- RECORDED INFORMATION -
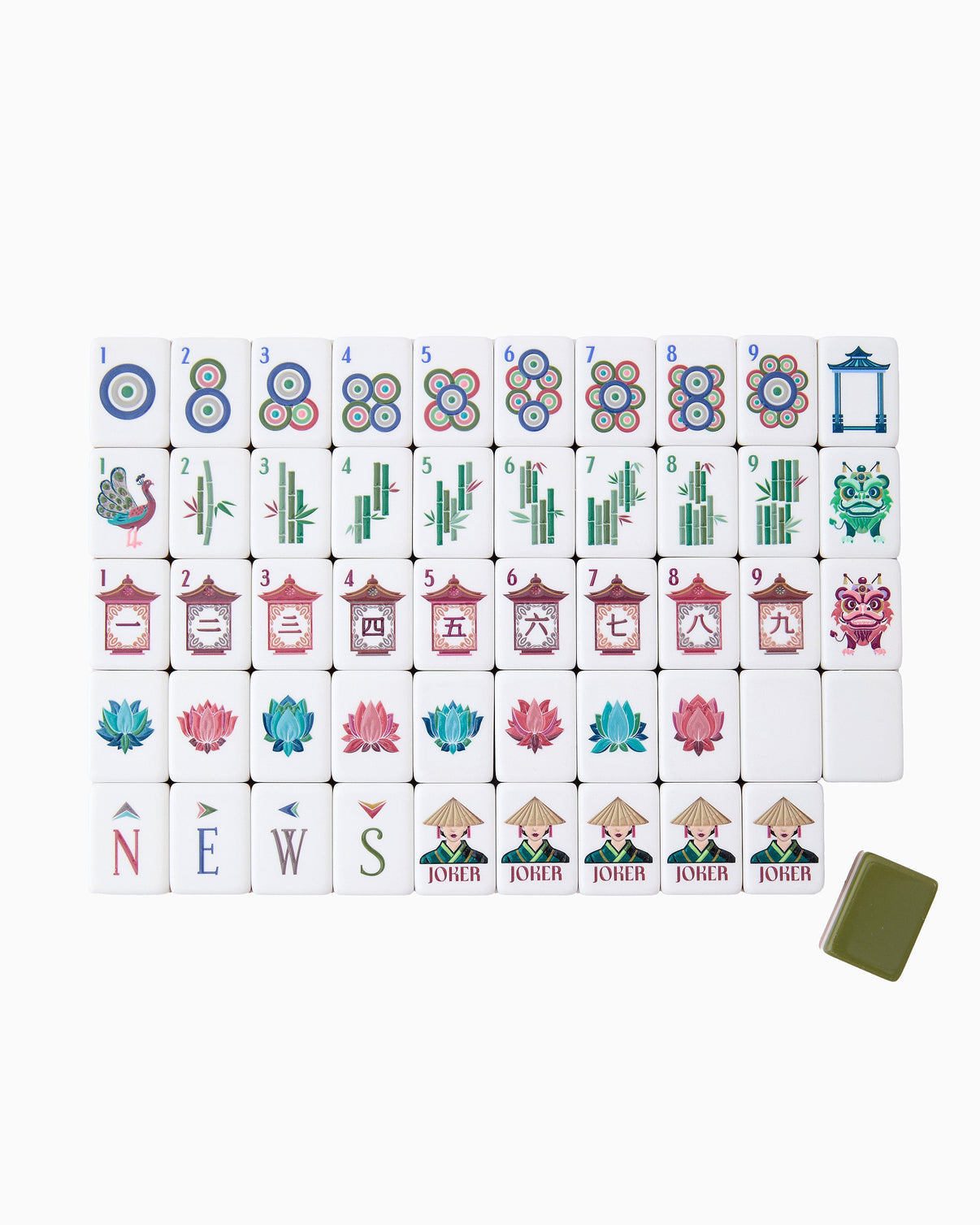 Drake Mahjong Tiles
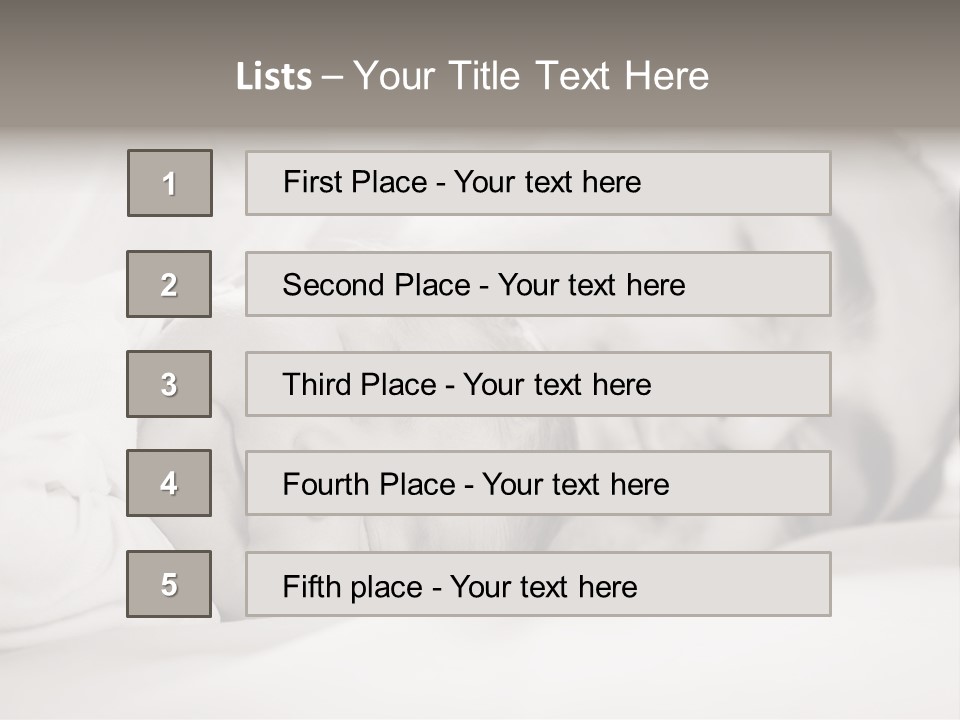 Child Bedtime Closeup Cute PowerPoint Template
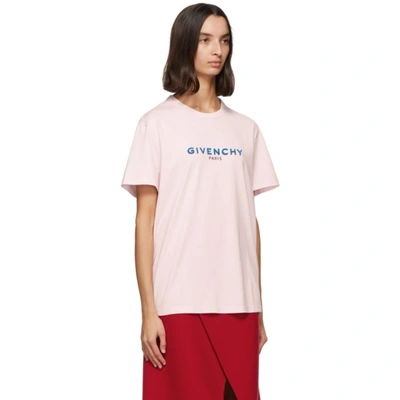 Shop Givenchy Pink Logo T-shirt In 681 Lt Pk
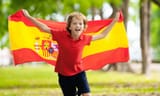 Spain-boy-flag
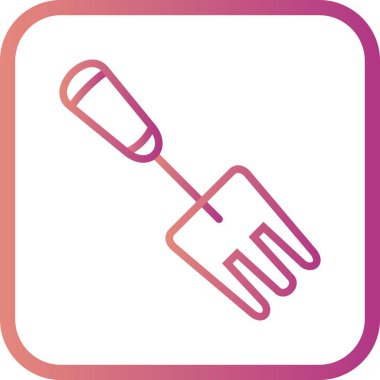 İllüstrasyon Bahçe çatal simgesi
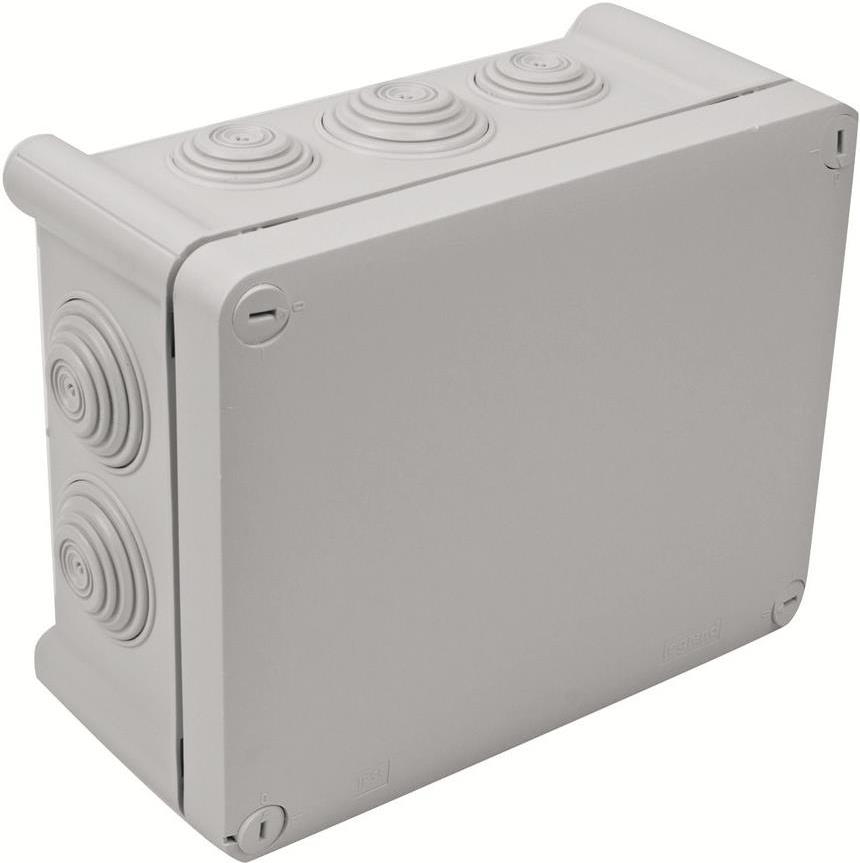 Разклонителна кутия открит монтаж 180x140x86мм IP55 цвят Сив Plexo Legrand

...

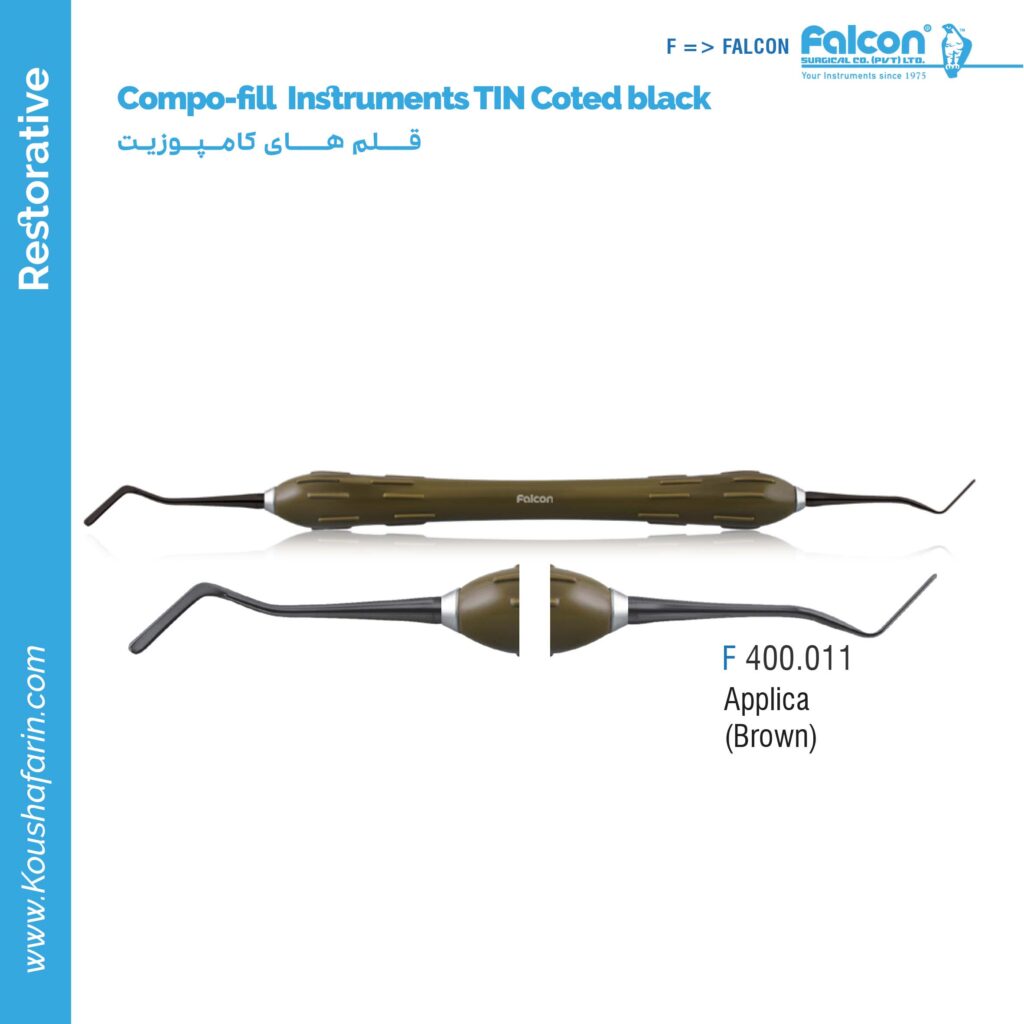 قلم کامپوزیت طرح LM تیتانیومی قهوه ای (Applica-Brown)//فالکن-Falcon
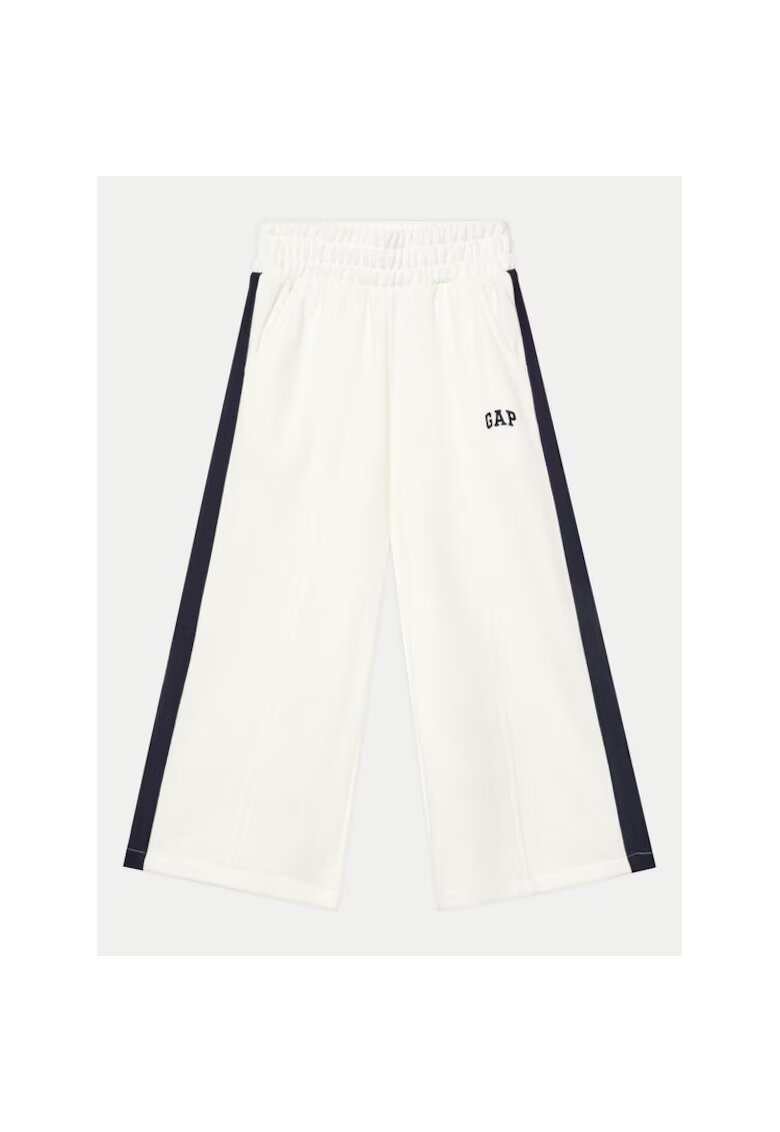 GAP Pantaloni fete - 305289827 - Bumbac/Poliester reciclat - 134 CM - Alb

- TASK BRIEF -
Starting with the line that has "Spain-boy-flag" and ending with the line that has "Разклонителна кутия открит", repeat the lines above exactly, omitting every picture.

- RESULT OF THIS EXERCISE -
 Spain-boy-flag
 İllüstrasyon Bahçe çatal simgesi
 Разклонителна кутия открит монтаж 180x140x86мм IP55 цвят Сив Plexo Legrand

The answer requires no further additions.